→ What is being asked
Please repeat every record below exactly as written, but leave out the pictures.

→ Input for this task
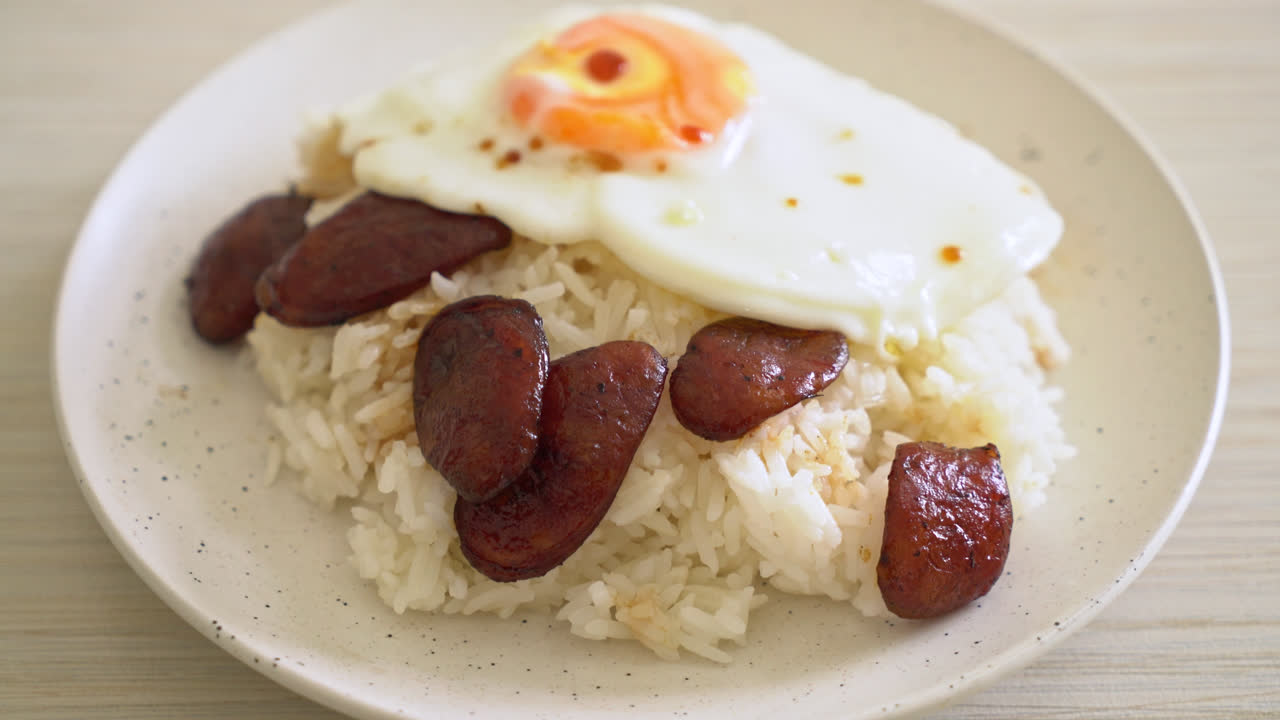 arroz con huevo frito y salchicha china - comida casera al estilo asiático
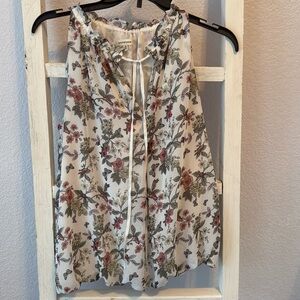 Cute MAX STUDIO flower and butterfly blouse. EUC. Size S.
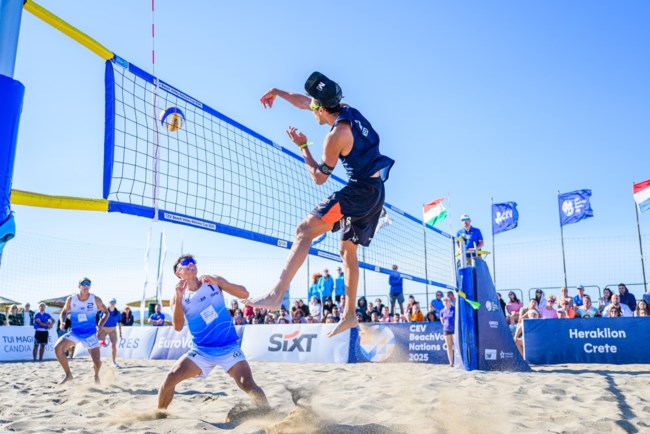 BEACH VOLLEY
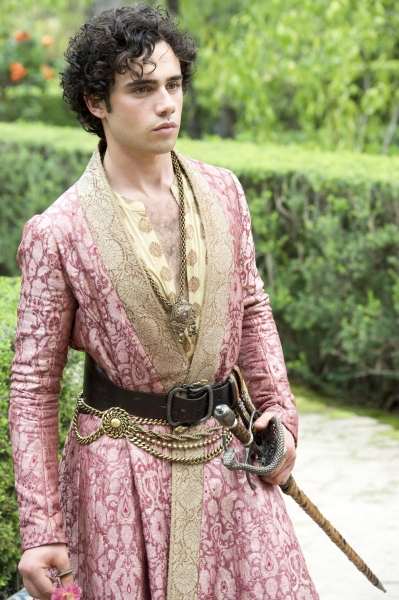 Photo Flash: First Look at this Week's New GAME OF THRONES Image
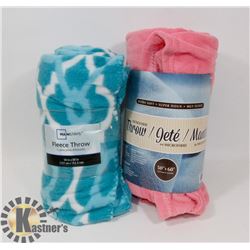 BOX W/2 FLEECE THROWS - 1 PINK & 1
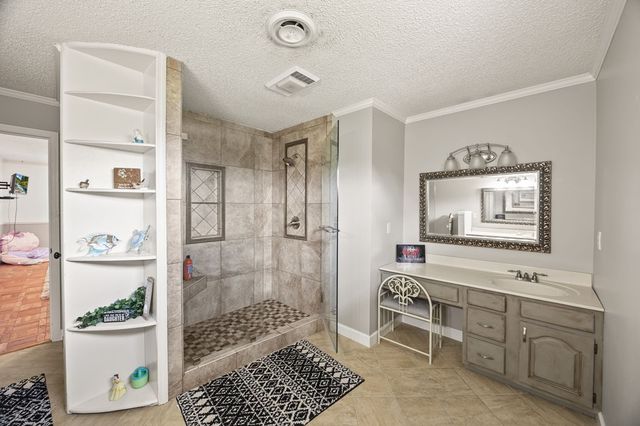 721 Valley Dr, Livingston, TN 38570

→ Response below
 arroz con huevo frito y salchicha china - comida casera al estilo asiático
 Cute MAX STUDIO flower and butterfly blouse. EUC. Size S.
 BEACH VOLLEY
 Photo Flash: First Look at this Week's New GAME OF THRONES Image
 BOX W/2 FLEECE THROWS - 1 PINK & 1
 721 Valley Dr, Livingston, TN 38570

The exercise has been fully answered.